▶ Description of the task:
Report every line below that holds the word "Christian".

▶ Data supplied:
+===+
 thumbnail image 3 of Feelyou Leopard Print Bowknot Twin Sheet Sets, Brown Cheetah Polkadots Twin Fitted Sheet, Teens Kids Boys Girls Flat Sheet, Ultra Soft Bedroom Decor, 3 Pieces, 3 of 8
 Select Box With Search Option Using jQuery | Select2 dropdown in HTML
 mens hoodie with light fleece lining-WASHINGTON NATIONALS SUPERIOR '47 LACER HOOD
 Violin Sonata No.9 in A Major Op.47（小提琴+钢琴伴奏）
+===+
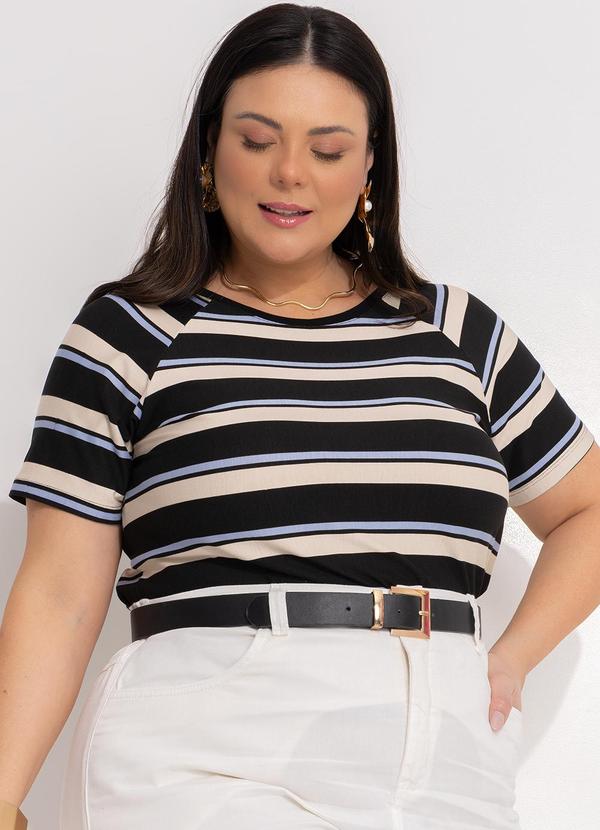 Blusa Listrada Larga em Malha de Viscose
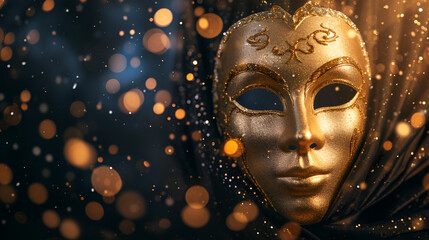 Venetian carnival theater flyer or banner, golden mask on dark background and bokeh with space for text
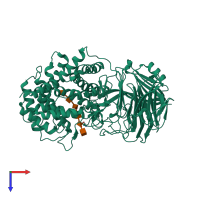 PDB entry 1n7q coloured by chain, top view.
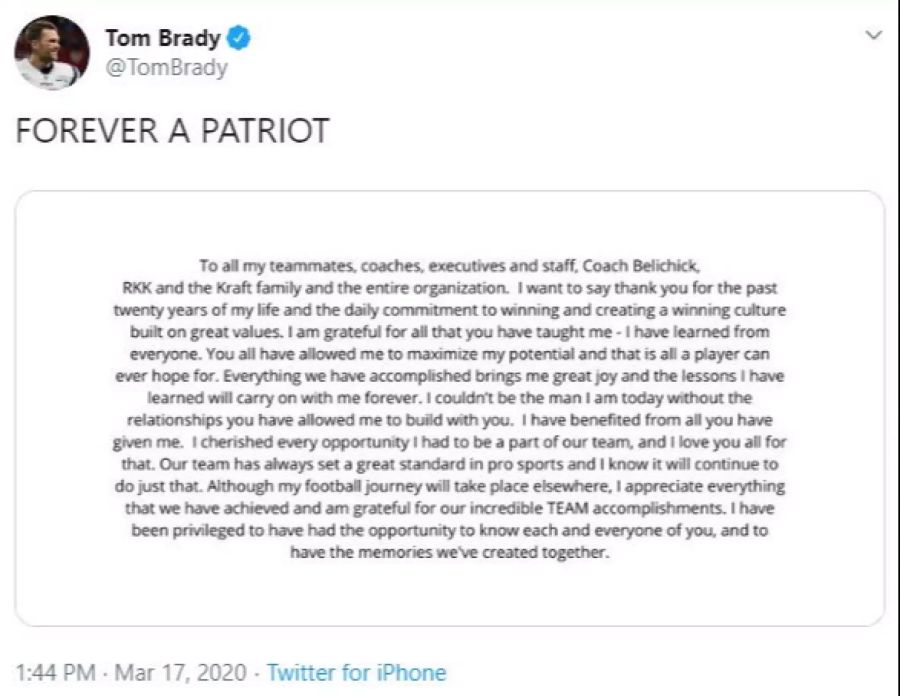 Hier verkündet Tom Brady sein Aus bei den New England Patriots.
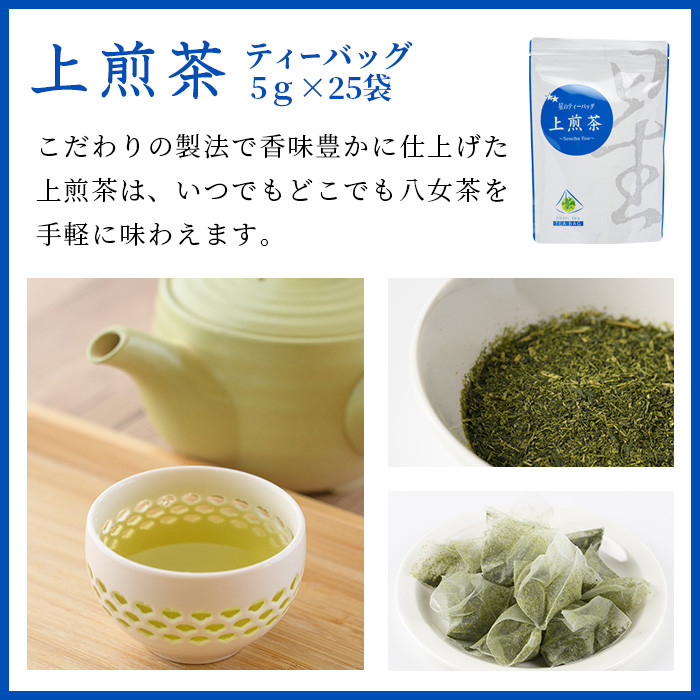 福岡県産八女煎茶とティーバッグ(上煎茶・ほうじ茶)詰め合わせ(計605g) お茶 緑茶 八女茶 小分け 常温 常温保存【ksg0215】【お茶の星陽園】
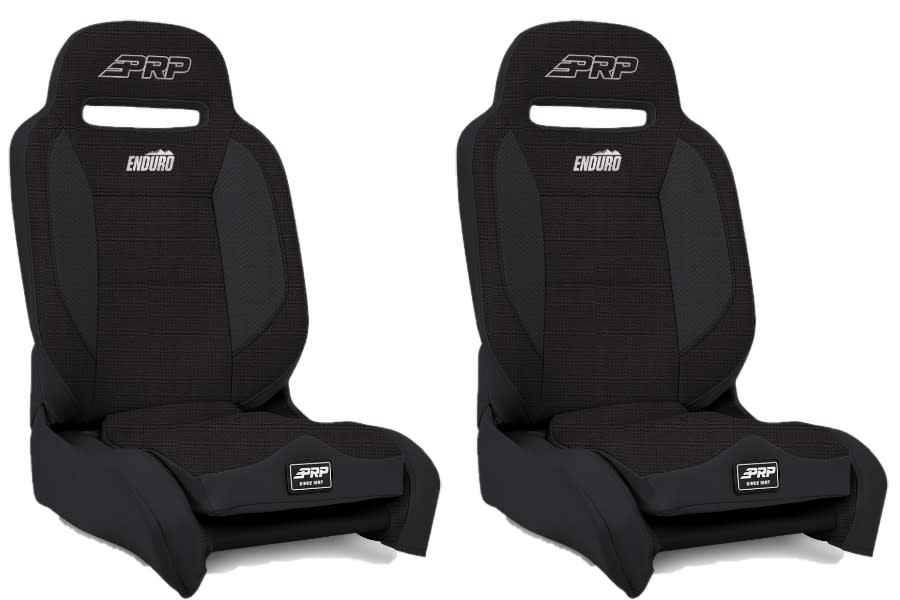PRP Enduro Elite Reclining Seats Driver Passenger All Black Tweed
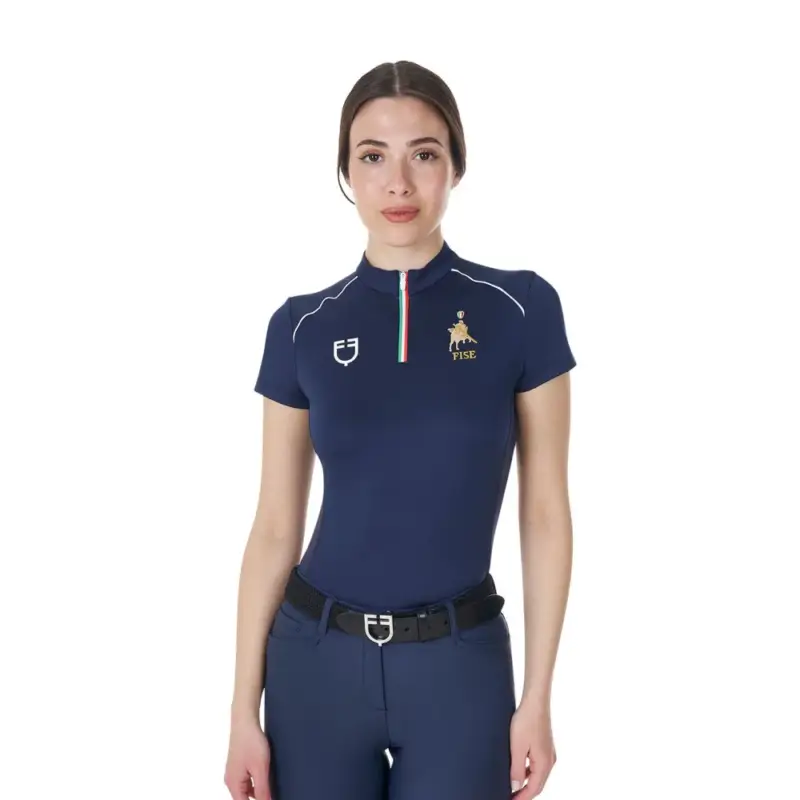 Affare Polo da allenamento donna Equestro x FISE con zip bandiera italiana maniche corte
+===+
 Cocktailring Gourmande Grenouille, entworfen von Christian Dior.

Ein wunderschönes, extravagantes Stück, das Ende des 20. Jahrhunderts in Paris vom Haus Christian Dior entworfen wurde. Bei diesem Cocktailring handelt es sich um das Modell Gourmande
+===+
▶ Completed task:
 Cocktailring Gourmande Grenouille, entworfen von Christian Dior.
Ein wunderschönes, extravagantes Stück, das Ende des 20. Jahrhunderts in Paris vom Haus Christian Dior entworfen wurde. Bei diesem Cocktailring handelt es sich um das Modell Gourmande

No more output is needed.